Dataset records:
--- --- ---

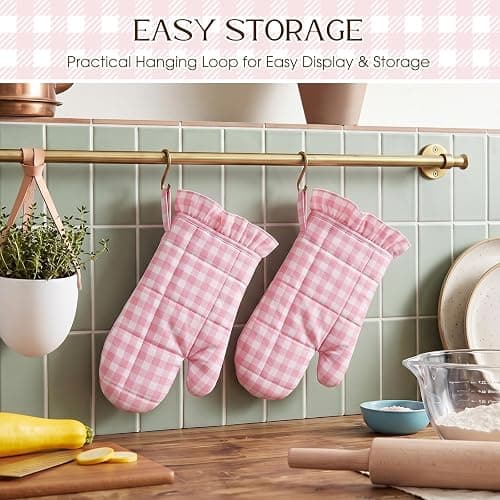 Twistover Ruffle Gingham Oven Mitts 2-Pack Set, Pink, 7"x13" | Checkered Oven Mitts, Plaid, Cotton Heat Resistant, Non-slip Grip for Baking BBQ, Cute Farmhouse Style, Safe Pot Holders thumbnail 6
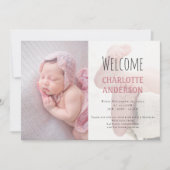 Elegant Script Welcome Baby Girl Foto Roze geboort Aankondiging (Voorkant)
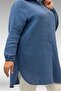 58091 Plus Size Muslin Shirt with Elastic Sleeves - Cool Blue - 2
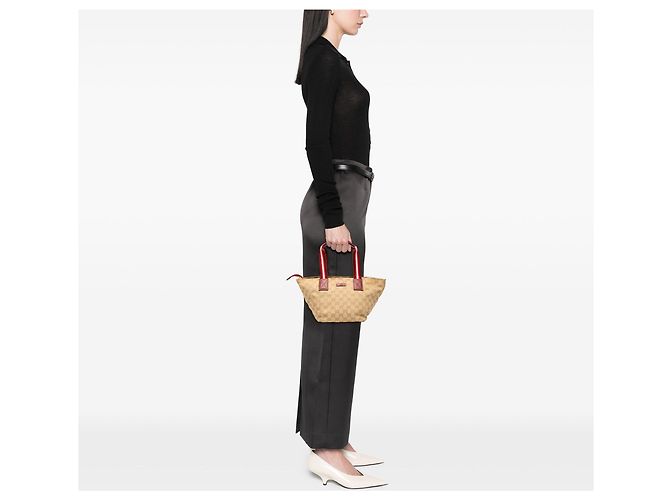 Borsa Gucci GG Canvas Web Tan Cammello - vista 7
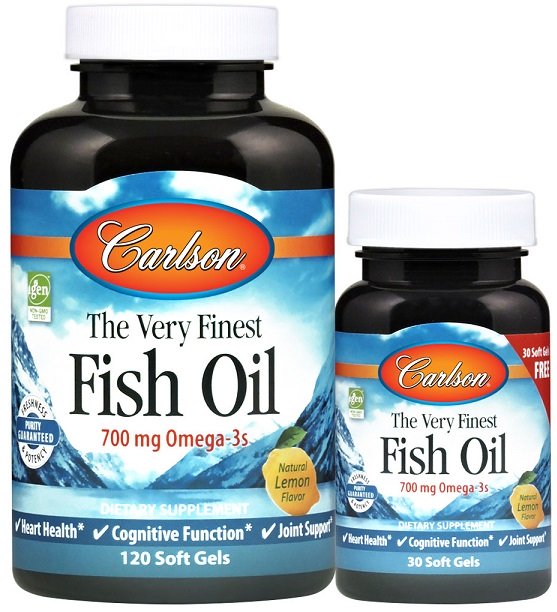 Carlson Fish Oil kapsulės, omega-3, natūralus citrinos skonis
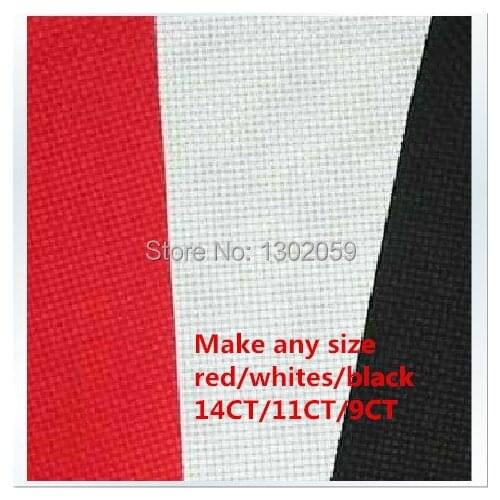 Red Black White 14CT 11CT 9CT Cross Stitch Embroidery Fabric Canvas Aida Cloth 200X100 Or Make Any Size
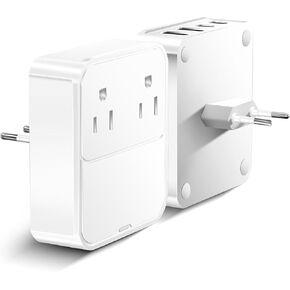 VHBW Universal European Travel Plug Adapte,International Power Plug Adapter with 2 AC Outlets&4 USB Ports(2 USB-C&2 USB-A),Type C PD 40W Quick Charger for US to Most of Europe Spain Italy France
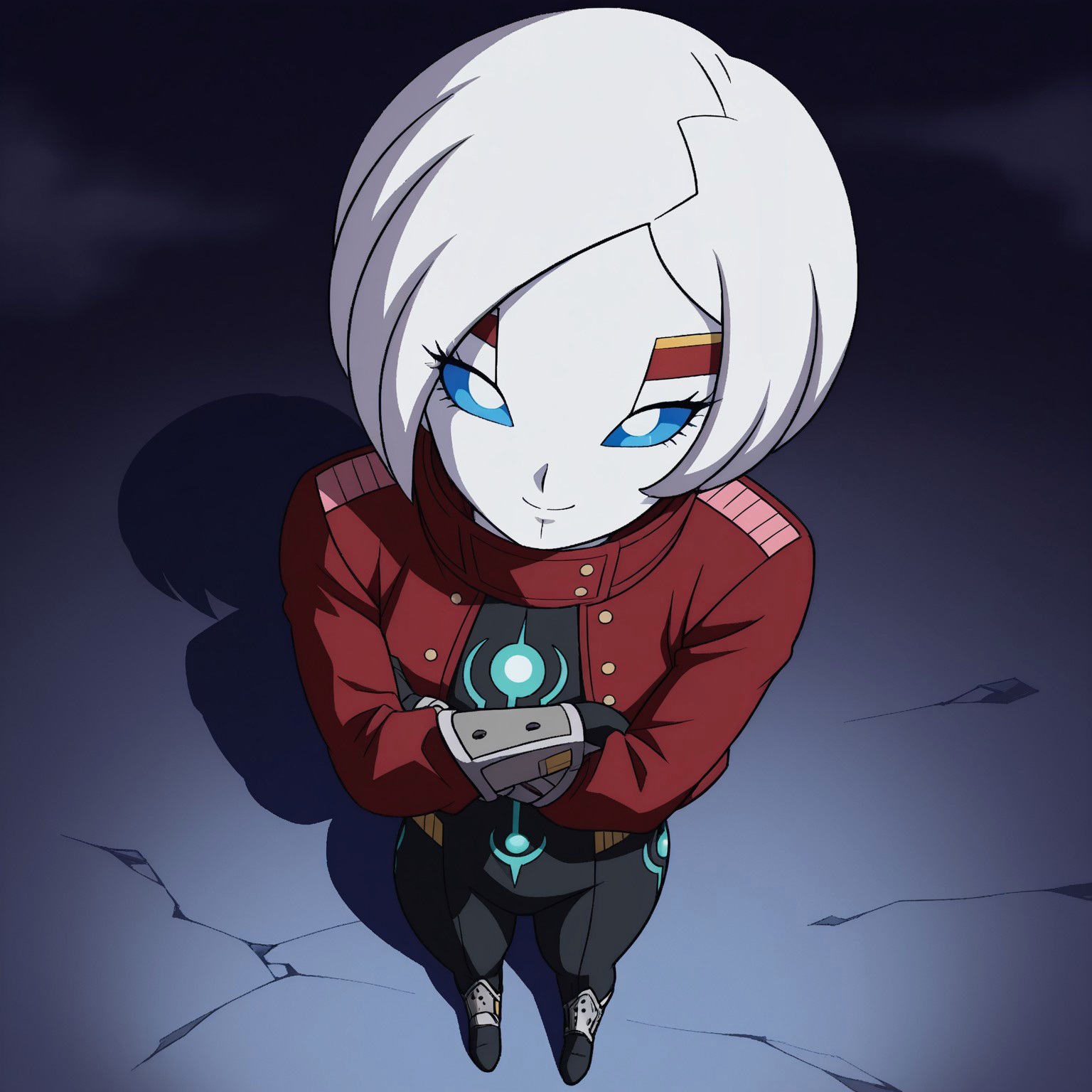 2d, 1girl, solo, Kamin, female, humanoid, white short hair, white skin, white pupils, blue sclera, red cropped jacket, black and blue bodysuit, long sleeves, gray wristbands, gray legbands, eyelashes

BREAK outside, standing, arms crossed, (looking up at viewer), smile, from above, full body

BREAK best quality, amazing quality, very aesthetic, absurdres, newest, masterpiece 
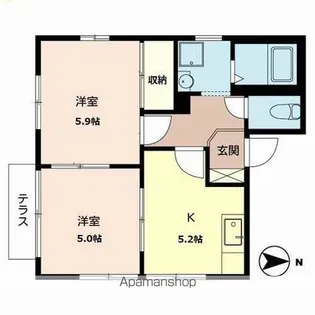 2Kの間取り画像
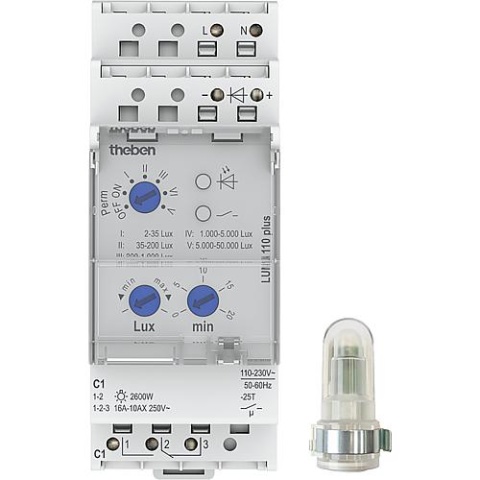 theben LUNA 110 EL interruptor crepuscular, 220-240V, sensor de luz analógico incorporado NUEVO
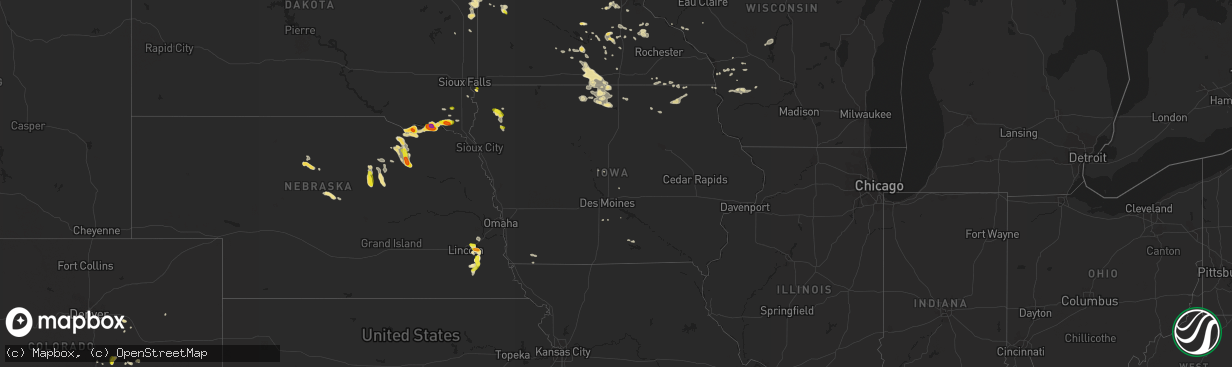 Hail map in Iowa on August 16, 2016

--- --- ---

The problem - When a line among the entries above contains "BREAK", copy it.

Reply -
BREAK outside, standing, arms crossed, (looking up at viewer), smile, from above, full body
BREAK best quality, amazing quality, very aesthetic, absurdres, newest, masterpiece 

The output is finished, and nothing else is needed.